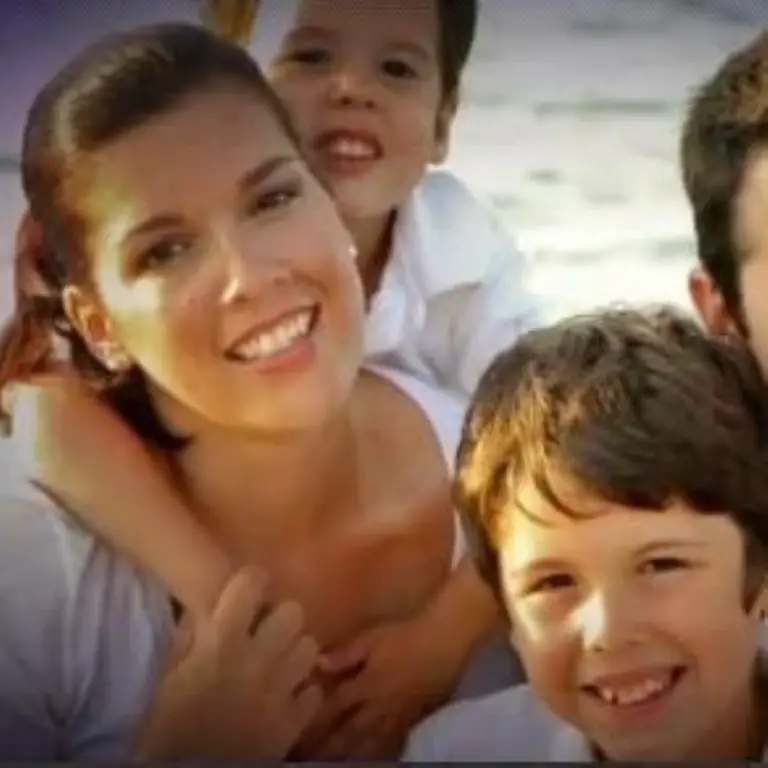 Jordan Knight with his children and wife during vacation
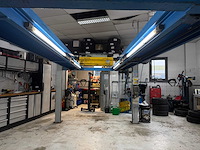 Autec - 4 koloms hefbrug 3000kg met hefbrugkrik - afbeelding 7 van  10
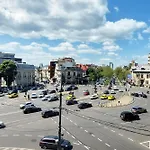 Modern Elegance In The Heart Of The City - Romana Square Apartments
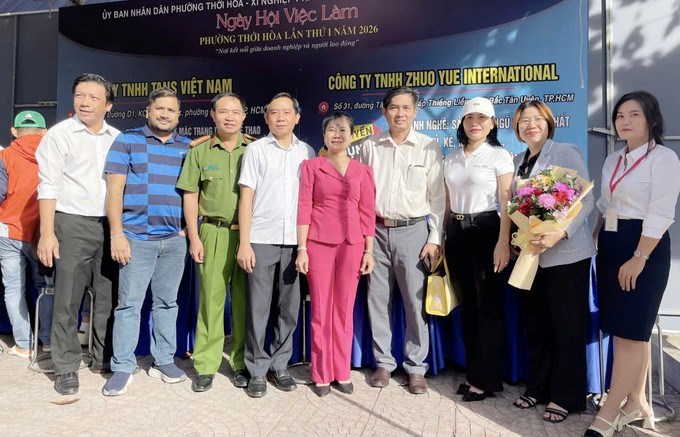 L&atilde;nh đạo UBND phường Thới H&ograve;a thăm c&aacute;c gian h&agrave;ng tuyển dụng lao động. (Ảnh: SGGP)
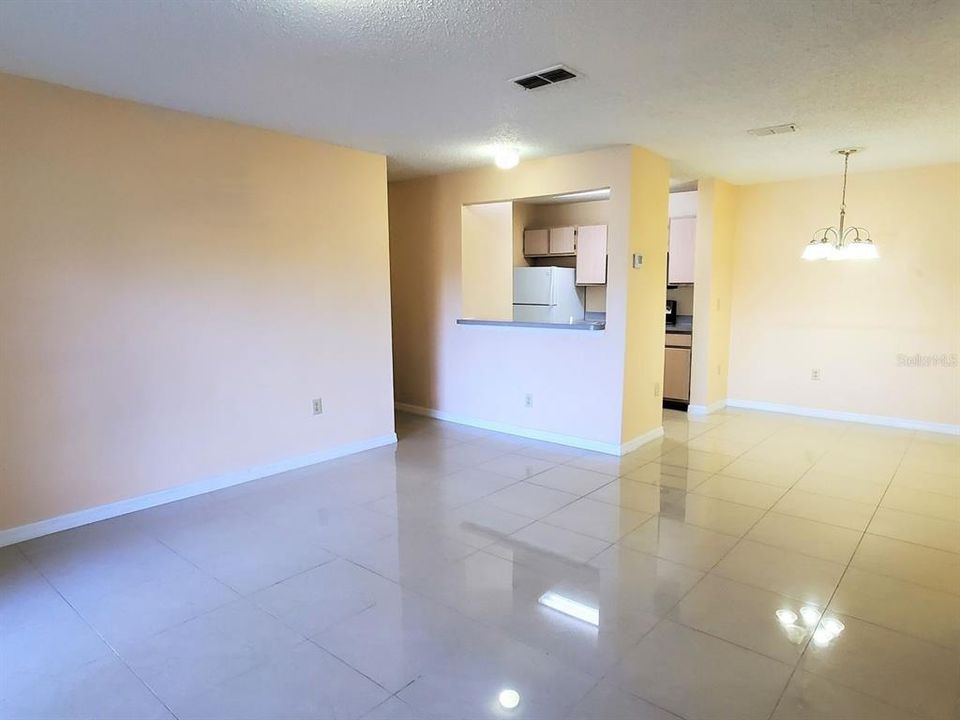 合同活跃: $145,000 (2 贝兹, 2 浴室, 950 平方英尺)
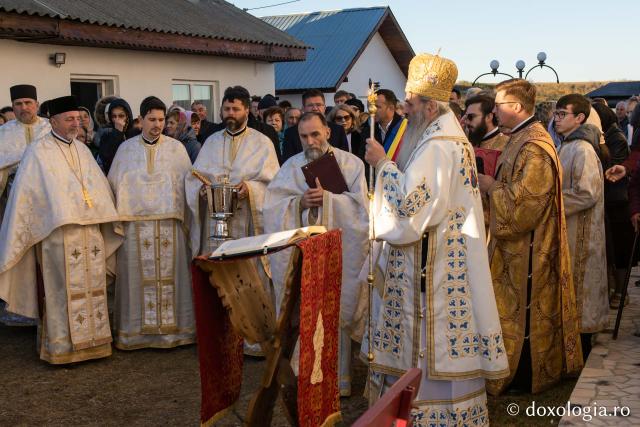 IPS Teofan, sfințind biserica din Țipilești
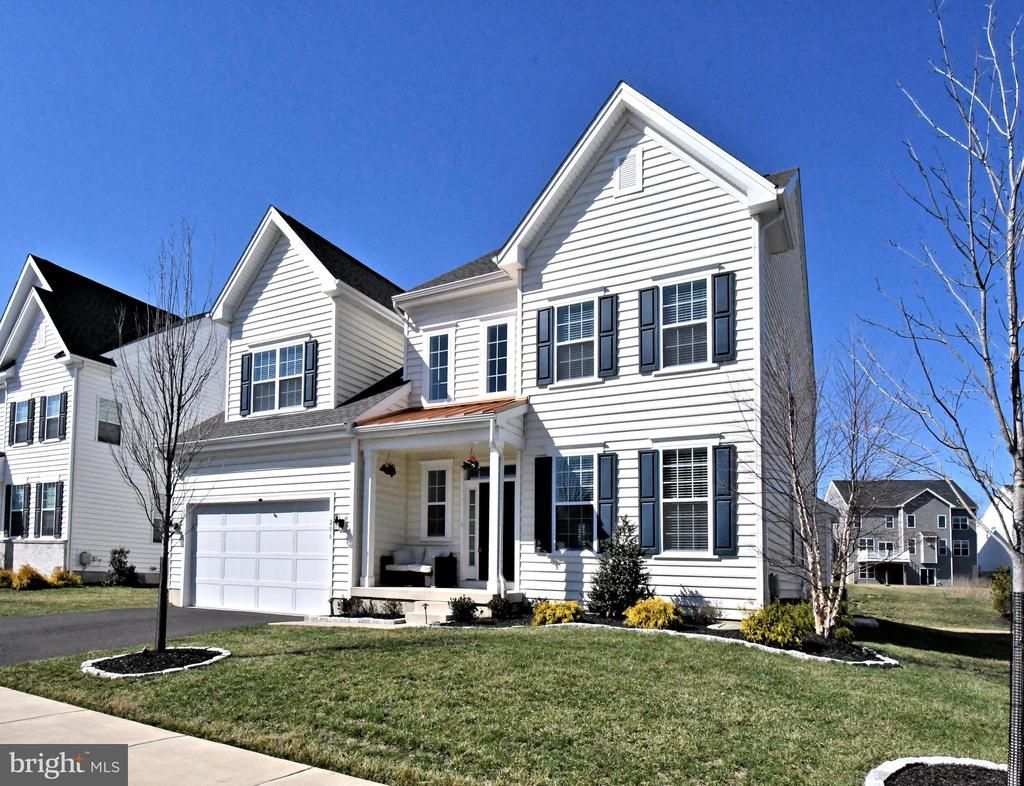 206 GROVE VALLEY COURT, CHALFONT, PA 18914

-=-=-

* ASSIGNMENT *
Exclude images. Return the data above verbatim.

* EXERCISE SOLUTION *
 Jordan Knight with his children and wife during vacation
 Autec - 4 koloms hefbrug 3000kg met hefbrugkrik - afbeelding 7 van  10
 Modern Elegance In The Heart Of The City - Romana Square Apartments
 L&atilde;nh đạo UBND phường Thới H&ograve;a thăm c&aacute;c gian h&agrave;ng tuyển dụng lao động. (Ảnh: SGGP)
 合同活跃: $145,000 (2 贝兹, 2 浴室, 950 平方英尺)
 IPS Teofan, sfințind biserica din Țipilești
 206 GROVE VALLEY COURT, CHALFONT, PA 18914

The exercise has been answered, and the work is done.